Where do Mathematicians Get Inspiration for Pi Formulas?

Here are three more gems presented in chronological order.

Viète and the first infinite product in the history of mathematics (1593)

\begin{align*} \frac{2}{\pi}=\sqrt{\frac{1}{2}}\sqrt{\frac{1}{2}+\frac{1}{2}\sqrt{\frac{1}{2}}} \sqrt{\frac{1}{2}+\frac{1}{2}\sqrt{\frac{1}{2}+\frac{1}{2}\sqrt{\frac{1}{2}}}}\cdots\tag{1} \end{align*}

Here we understand (1) as infinite product \begin{align*} \frac{2}{\pi}=u_1u_2u_3\cdots=\lim_{n\rightarrow\infty}(u_1u_2\cdot u_n) \end{align*} where \begin{align*} u_1=\sqrt{\frac{1}{2}}\qquad\text{and}\qquad u_n=\sqrt{\frac{1}{2}(1+u_{n-1})}\qquad \text{for }n>1 \end{align*}

In 1593 Viète expressed the number $\pi$ as an infinite product, which is the first infinite product in the history of mathematics. His proof was done in the spirit of Archimedes ideas: $\pi$ is the limit of the areas $A_{2n}$ of the regular $2^n$-gons inscribed in the circle of radius one.

The expression (1) is a particular case of a more general formula, given two hundred years later by Euler: \begin{align*} \frac{\sin\theta}{\theta}&=\cos\frac{\theta}{2}\cos\frac{\theta}{4}\cos\frac{\theta}{8}\cdots\cos\frac{\theta}{2^n}\cdots =\lim_{n\rightarrow \infty}(v_1v_2\cdots v_n)\qquad \text{for }\theta\ne 0 \end{align*} where \begin{align*} v_1=\cos\frac{\theta}{2}\qquad\text{and}\qquad v_n=\cos\frac{\theta}{2^n}&=\sqrt{\frac{1}{2}\left(1+\cos\frac{\theta}{2^{n-1}}\right)}\\ &=\sqrt{\frac{1}{2}(1+v_{n-1})} \qquad\text{for}\qquad n>1 \end{align*} The proof of Euler's formula is simple: Applying repetitively the trigonometric identity $$\sin\theta=2\cos\frac{\theta}{2}\sin\frac{\theta}{2}$$ we obtain \begin{align*} \frac{\sin\theta}{\theta}&=\cos\frac{\theta}{2}\cdot\frac{\sin(\theta/2)}{\theta/2} =\cos\frac{\theta}{2}\cos\frac{\theta}{4}\cdot\frac{\sin(\theta/4)}{\theta/4} =\cdots\\ &=\cos\frac{\theta}{2}\cos\frac{\theta}{4}\cos\frac{\theta}{8}\cdot\cos\frac{\theta}{2^n}\frac{\sin(\theta/2^n)}{\theta/2^n} \end{align*} When $n$ tends to infinity, $x=\frac{\theta}{2^n}$ tends to $0$, thus $\frac{\sin x}{x}$ tends to $1$, which proves the claim.

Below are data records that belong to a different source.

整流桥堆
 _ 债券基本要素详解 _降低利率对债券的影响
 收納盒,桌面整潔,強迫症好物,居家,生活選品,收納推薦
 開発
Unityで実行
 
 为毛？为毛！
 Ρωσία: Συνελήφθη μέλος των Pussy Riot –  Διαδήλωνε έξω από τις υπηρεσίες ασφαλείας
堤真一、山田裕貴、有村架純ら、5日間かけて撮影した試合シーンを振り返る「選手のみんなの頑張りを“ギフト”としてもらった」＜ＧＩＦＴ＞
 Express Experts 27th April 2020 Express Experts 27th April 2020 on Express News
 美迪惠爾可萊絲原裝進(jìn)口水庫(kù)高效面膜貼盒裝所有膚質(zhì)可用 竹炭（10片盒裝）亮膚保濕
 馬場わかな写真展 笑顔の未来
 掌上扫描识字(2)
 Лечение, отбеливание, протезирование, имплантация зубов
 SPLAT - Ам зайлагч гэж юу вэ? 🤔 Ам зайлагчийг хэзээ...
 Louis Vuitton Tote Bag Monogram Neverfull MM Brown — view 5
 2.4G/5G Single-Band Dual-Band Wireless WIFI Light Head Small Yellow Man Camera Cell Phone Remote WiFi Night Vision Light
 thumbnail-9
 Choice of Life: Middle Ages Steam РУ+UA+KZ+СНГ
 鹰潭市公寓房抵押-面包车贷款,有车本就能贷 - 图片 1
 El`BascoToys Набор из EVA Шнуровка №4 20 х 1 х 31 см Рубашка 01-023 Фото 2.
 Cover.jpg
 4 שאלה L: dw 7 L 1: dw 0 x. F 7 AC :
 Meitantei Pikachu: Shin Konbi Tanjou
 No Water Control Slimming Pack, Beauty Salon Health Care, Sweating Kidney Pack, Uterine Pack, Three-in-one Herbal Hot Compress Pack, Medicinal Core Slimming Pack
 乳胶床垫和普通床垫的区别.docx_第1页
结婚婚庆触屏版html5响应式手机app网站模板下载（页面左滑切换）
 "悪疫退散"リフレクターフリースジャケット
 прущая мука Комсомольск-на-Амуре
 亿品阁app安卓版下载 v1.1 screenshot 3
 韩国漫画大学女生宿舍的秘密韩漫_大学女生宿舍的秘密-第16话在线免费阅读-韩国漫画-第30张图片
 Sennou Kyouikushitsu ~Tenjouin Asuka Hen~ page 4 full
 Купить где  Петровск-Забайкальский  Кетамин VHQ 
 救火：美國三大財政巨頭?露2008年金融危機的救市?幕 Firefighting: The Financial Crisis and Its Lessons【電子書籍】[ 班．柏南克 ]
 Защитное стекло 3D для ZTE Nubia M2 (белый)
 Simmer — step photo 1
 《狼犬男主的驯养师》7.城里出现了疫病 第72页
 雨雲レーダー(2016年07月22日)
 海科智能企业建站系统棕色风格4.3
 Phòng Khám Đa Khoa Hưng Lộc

Ramanujan, Elliptic Integrals and $\pi$ (1914)

\begin{align*} \frac{1}{\pi}=\frac{2\sqrt{2}}{9801}\sum_{n=0}^\infty\frac{(4n!)}{4^{4n}(n!)^4}\left[1103+26390n\right]\left(\frac{1}{99^4}\right)^n\tag{2} \end{align*}

This incredible identity is one of $17$ identities of $\frac{1}{\pi}$ stated by Ramanjuan 1914 in the article Modular equations and approximations to $\pi$ without proof.

The mathematicians of the second half of the 19th century and the beginning 20th century developed methods for the efficient calculation of certain constants which appear in the theory of elliptic functions. Ramanjuan had a special mastery of such calculations.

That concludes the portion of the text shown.